> **Web page caption snippets**
-----

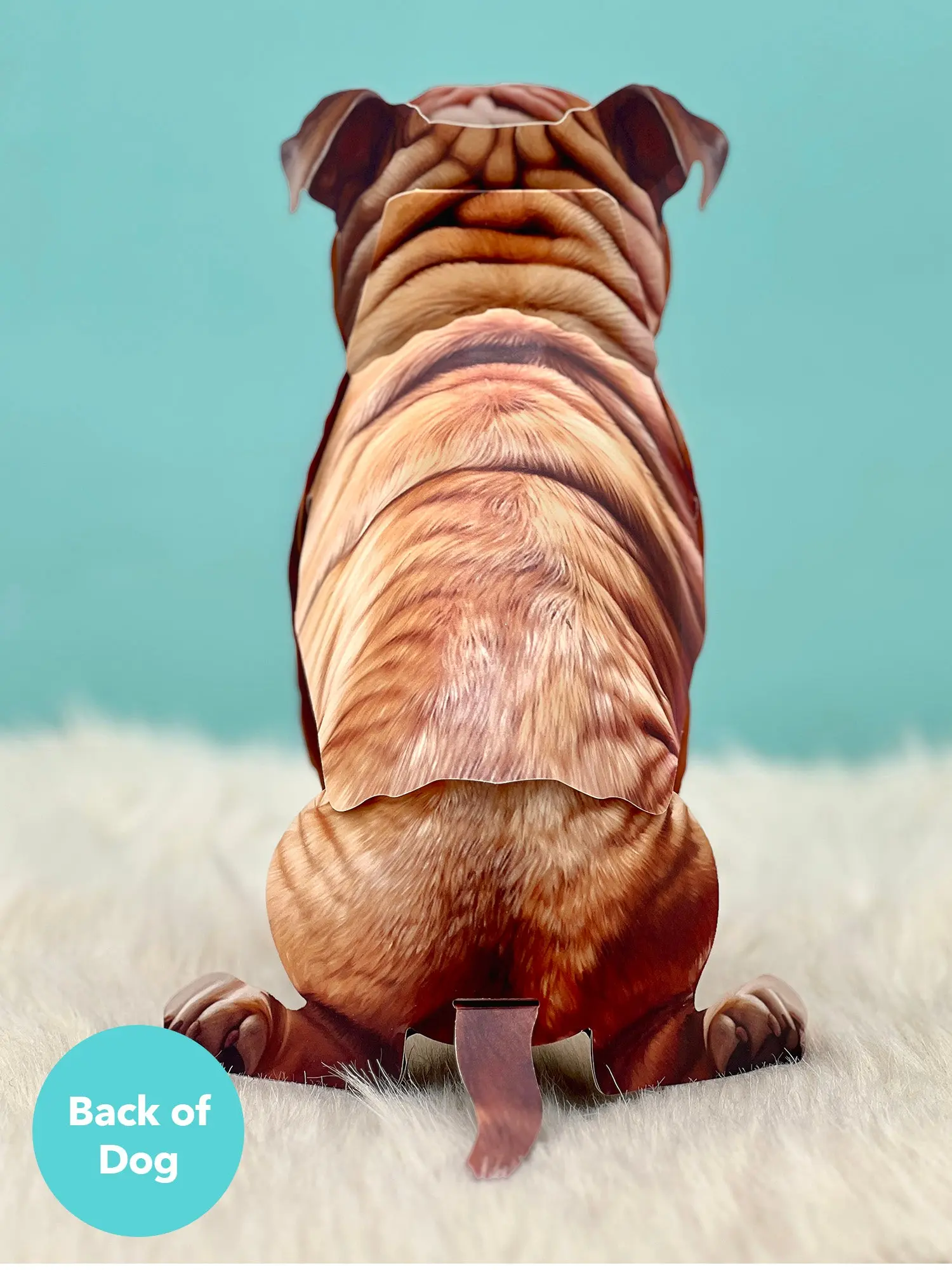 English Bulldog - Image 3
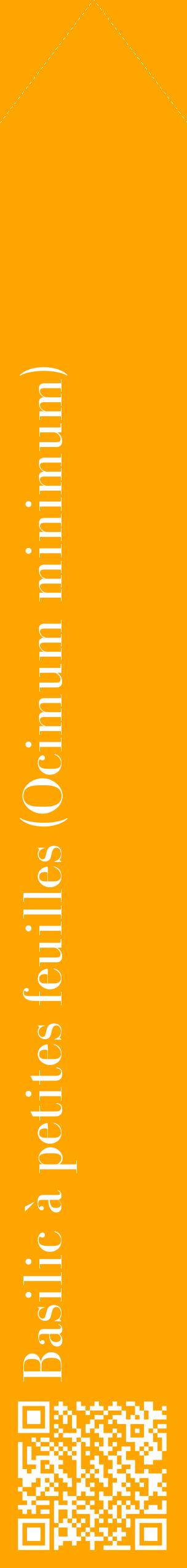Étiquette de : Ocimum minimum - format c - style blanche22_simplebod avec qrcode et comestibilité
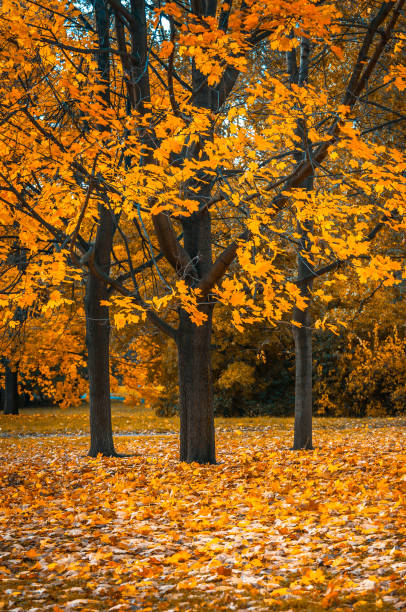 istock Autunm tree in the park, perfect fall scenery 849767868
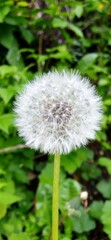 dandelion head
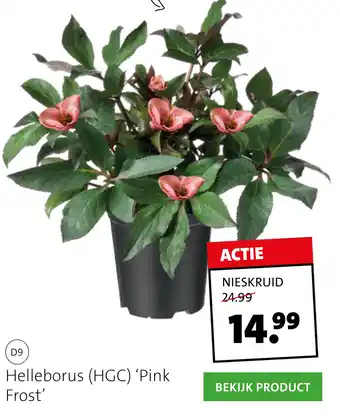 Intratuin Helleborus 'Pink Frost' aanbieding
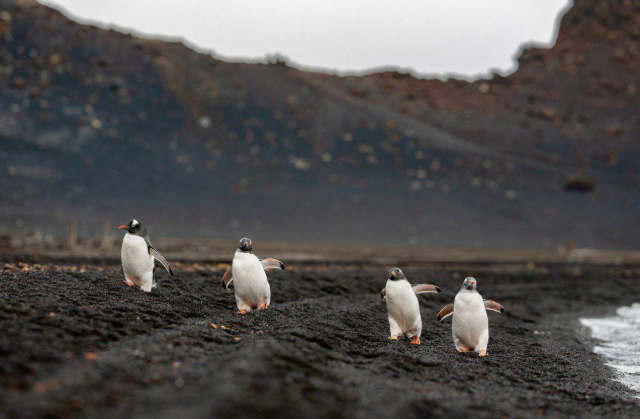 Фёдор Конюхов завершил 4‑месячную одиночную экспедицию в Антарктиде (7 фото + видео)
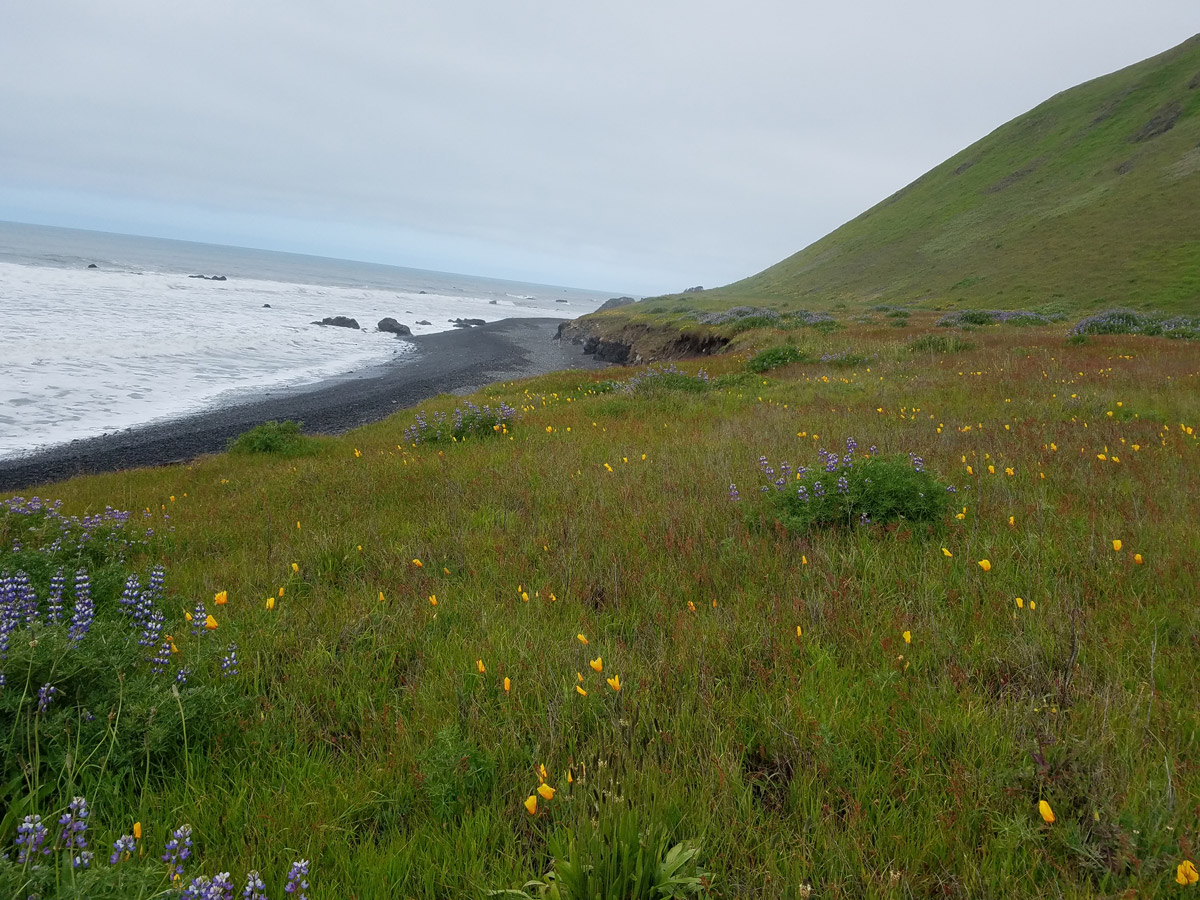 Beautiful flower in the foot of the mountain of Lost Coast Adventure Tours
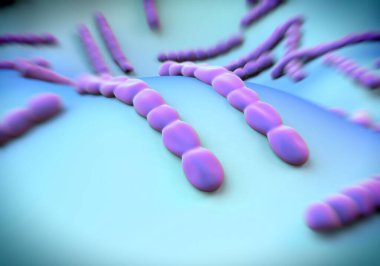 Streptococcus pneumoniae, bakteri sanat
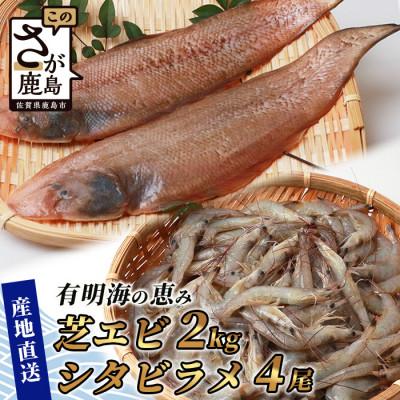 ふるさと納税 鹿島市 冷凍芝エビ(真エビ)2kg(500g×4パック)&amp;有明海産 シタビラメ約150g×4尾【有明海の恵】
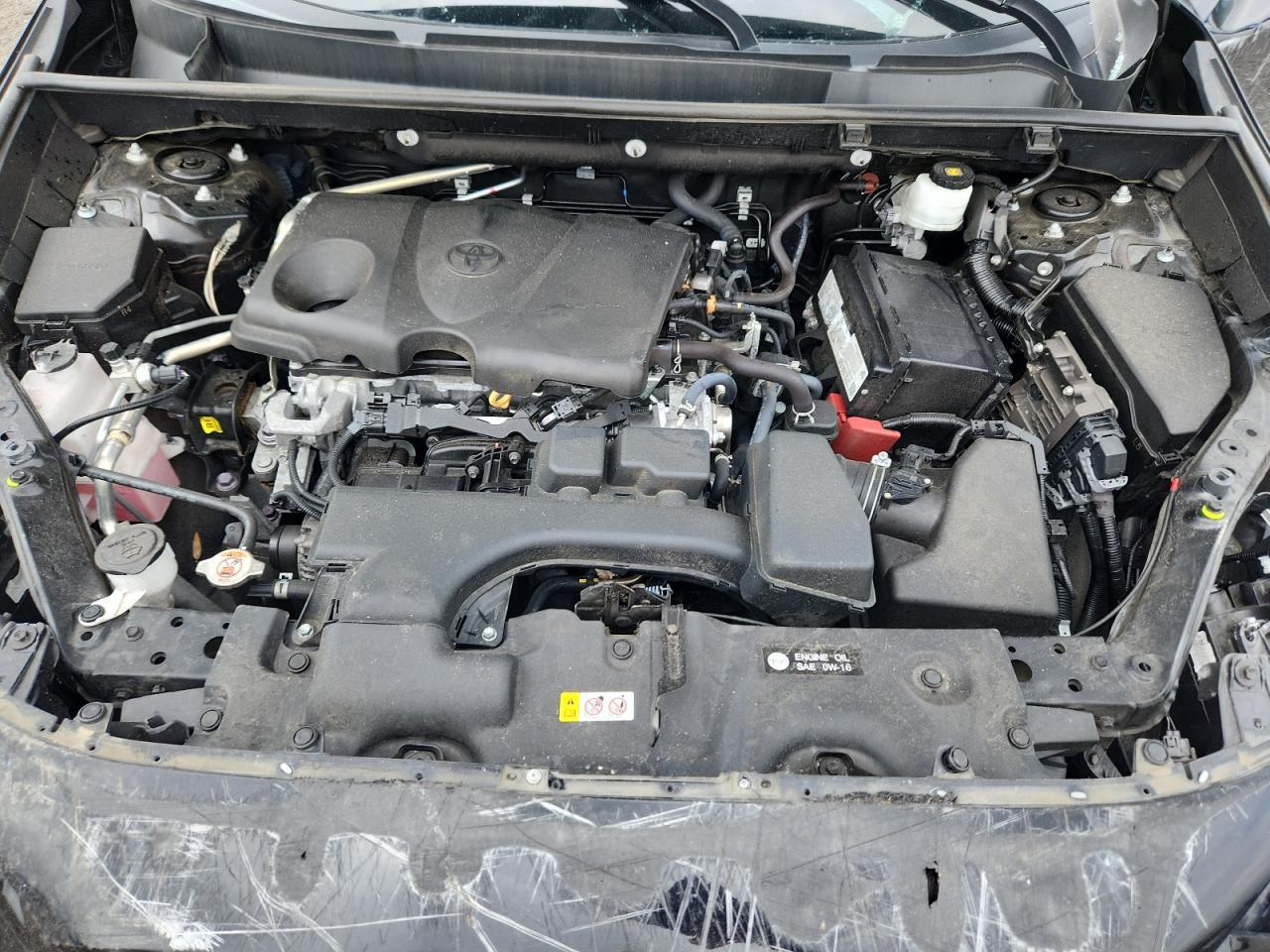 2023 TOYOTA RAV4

-----

Copy the final stretch of the entries exactly: the line containing "Фёдор Конюхов завершил" and every line after it through the last. Include no pictures and nothing more.

> **Task response**
 Фёдор Конюхов завершил 4‑месячную одиночную экспедицию в Антарктиде (7 фото + видео)
 Beautiful flower in the foot of the mountain of Lost Coast Adventure Tours
 Streptococcus pneumoniae, bakteri sanat
 ふるさと納税 鹿島市 冷凍芝エビ(真エビ)2kg(500g×4パック)&amp;有明海産 シタビラメ約150g×4尾【有明海の恵】
 2023 TOYOTA RAV4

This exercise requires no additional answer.